NSX Cloud Known Issues
  • Issue 2275232 - DHCP would not work for VMs on cloud if DFWs Connectivity_strategy is changed from BLACKLIST to WHITELIST.

    All the VMs requesting for new DHCP leases would lose IPs. Need to explicitly allow DHCP for cloud VMs in DFW.

    Workaround: Explicitly allow DHCP for cloud VMs in DFW.

  • Issue 2277814 - VM gets moved to vm-overlay-sg on invalid value for nsx.network tag.

    VM tagged with invalid nsx.network tag will get moved to vm-overlay-sg.
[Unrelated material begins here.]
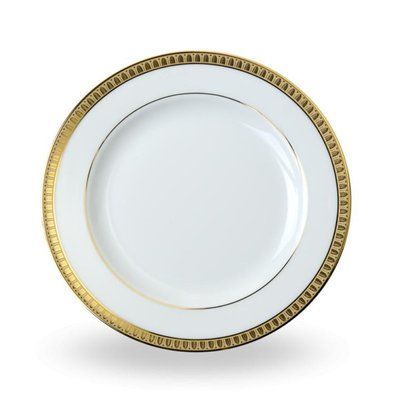 "Dinner plate with gilding "Malmaison" CHRISTOFLE_7646115 photo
    Workaround: Remove invalid Tag.

  • Issue 2355113 - Unable to install NSX Tools on RedHat and CentOS Workload VMs with accelerated networking enabled in Microsoft Azure.

    In Microsoft Azure when accelerated networking is enabled on RedHat (7.4 or later) or CentOS (7.4 or later) based OS and with NSX Agent installed, the ethernet interface does not obtain an IP address.
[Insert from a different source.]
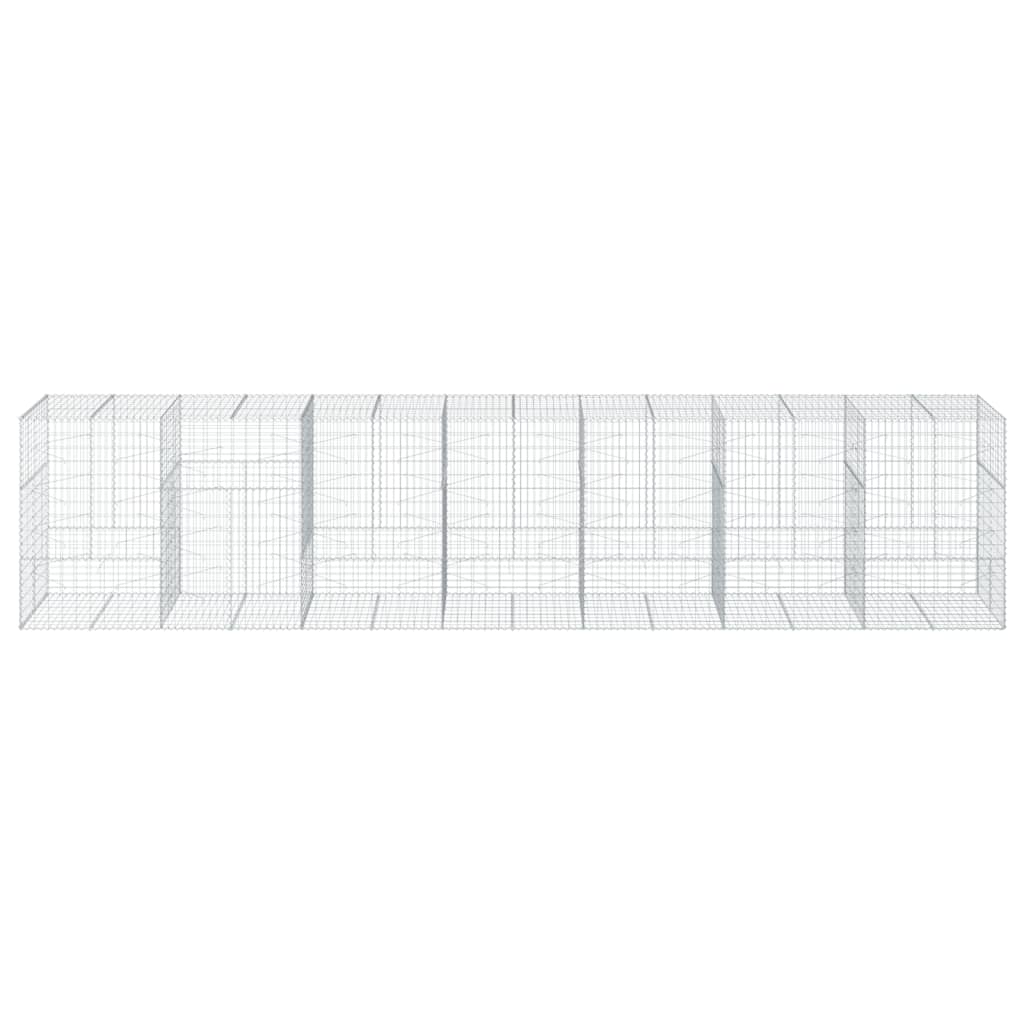Cesto gabião com cobertura 700x100x150 cm ferro galvanizado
    Workaround: After booting up RedHat or CentOS based VM in Microsoft Azure, install the latest Linux Integration Services driver available at https://www.microsoft.com/en-us/download/details.aspx?id=55106 before installing NSX tools.

  • Issue 2391231 - Detection of changes to Azure VMs might be delayed.

    Intermittently, changes to Azure VMs on the cloud are detected with a slight delay. As a result, a corresponding delay might affect onboarding the VMs and creating logical entities for the VMs in NSX-T. The maximum delay observed was approximately eight minutes.

    Workaround: None. After the delay period passes, the issue self-corrects.

  • Issue 2424818 - L2 and DFW stats are not updated on NSX Manager UI.

    All stats produced by logical exporter on workload VMs are not forwarded to MP. This causes a failure in displaying stats on the NSX Manager UI. There is no visibility of DFW statistics from the NSX Manager UI. Logical switch ports operational status will show up as DOWN and their corresponding stats will not work. This is only applicable for Cloud VMs.

    Workaround: None. The stats can be seen via the CLI on the corresponding VMs.